# My Burl



## jookey2003 (May 29, 2016)

I found it in the lake as driftwood and need help

 I

Reactions: Like 1 | EyeCandy! 2 | Way Cool 2


----------



## ripjack13 (May 29, 2016)

Do you have access to a chain saw? Bandsaw? Sawzall? Cut it up. Sand the edges of it to get it nice n smooth. Then we will be able to better tell you what it is. As it sits now, it could be any kind of tree that surrounds the lake. Speaking of, which one was it?

What are your plans for it? Just selling and move on? Or sticking around and making something crazy beautiful out of it, and more....??


----------



## jookey2003 (May 29, 2016)

ripjack13 said:


> Do you have access to a chain saw? Bandsaw? Sawzall? Cut it up. Sand the edges of it to get it nice n smooth. Then we will be able to better tell you what it is. As it sits now, it could be any kind of tree that surrounds the lake. Speaking of, which one was it?
> 
> What are your plans for it? Just selling and move on? Or sticking around and making something crazy beautiful out of it, and more....??


I'm not sure of my plans... I'm working on it, but sanding it as a whole takes forever! So far, I haven't cut in....
I found it in Pelican Lake located in West Central MN. It was already smooth when I found it.

If I keep it I'd make something crazy cool.....but afraid I'd never be done sanding.
I've had a couple offers and Im wondering if im dum to pass them up




in this pic I just set it on another piece of driftwood I have


----------



## ripjack13 (May 29, 2016)

Wow...that's a better pic. I'd keep it. (And in one piece) If you have room...that is a great looking piece.


----------



## barry richardson (May 29, 2016)

Yea, I agree, it's very cool, has lots of possibilities.

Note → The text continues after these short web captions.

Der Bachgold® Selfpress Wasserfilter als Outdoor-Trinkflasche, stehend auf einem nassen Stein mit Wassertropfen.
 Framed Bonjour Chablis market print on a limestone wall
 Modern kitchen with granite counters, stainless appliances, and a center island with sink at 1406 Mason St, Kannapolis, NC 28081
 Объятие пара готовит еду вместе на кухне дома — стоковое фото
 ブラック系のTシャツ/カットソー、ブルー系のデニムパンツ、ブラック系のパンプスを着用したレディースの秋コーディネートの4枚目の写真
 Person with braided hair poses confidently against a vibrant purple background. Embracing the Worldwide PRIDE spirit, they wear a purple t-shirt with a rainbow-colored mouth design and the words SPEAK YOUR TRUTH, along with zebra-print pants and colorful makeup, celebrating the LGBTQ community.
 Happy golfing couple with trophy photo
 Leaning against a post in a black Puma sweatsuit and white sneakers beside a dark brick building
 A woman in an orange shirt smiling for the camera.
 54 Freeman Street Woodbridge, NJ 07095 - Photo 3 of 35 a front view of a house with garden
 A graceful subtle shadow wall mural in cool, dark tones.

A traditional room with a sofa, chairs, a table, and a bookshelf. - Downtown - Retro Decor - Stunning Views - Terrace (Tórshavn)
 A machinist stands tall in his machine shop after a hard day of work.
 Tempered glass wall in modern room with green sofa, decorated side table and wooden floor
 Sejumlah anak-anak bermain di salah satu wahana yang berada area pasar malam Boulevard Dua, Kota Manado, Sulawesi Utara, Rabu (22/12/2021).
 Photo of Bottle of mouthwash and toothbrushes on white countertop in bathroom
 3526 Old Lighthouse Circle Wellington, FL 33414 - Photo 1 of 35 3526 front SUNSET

Just hang onto it till you get some inspiration and your skills and capabilities increase....

Reactions: Agree 1


----------



## jookey2003 (May 29, 2016)

Soo... for now... What do I need to do to it> It was about 80 lbs water logged to start so I've been drying it slowly while scraping the soft out. Linseed oil finish...


----------



## Tclem (May 29, 2016)

Here is my burl

Reactions: EyeCandy! 1 | Agree 1


----------



## Mike1950 (May 29, 2016)

How much are the offers?

Reactions: Agree 1


----------



## ripjack13 (May 29, 2016)

Tclem said:


> Here is my burl
> 
> 
> View attachment 105141



That's not burl....that's a big ol knot....

Reactions: Agree 2


----------



## ripjack13 (May 29, 2016)

jookey2003 said:


> Soo... for now... What do I need to do to it> It was about 80 lbs water logged to start so I've been drying it slowly while scraping the soft out. Linseed oil finish...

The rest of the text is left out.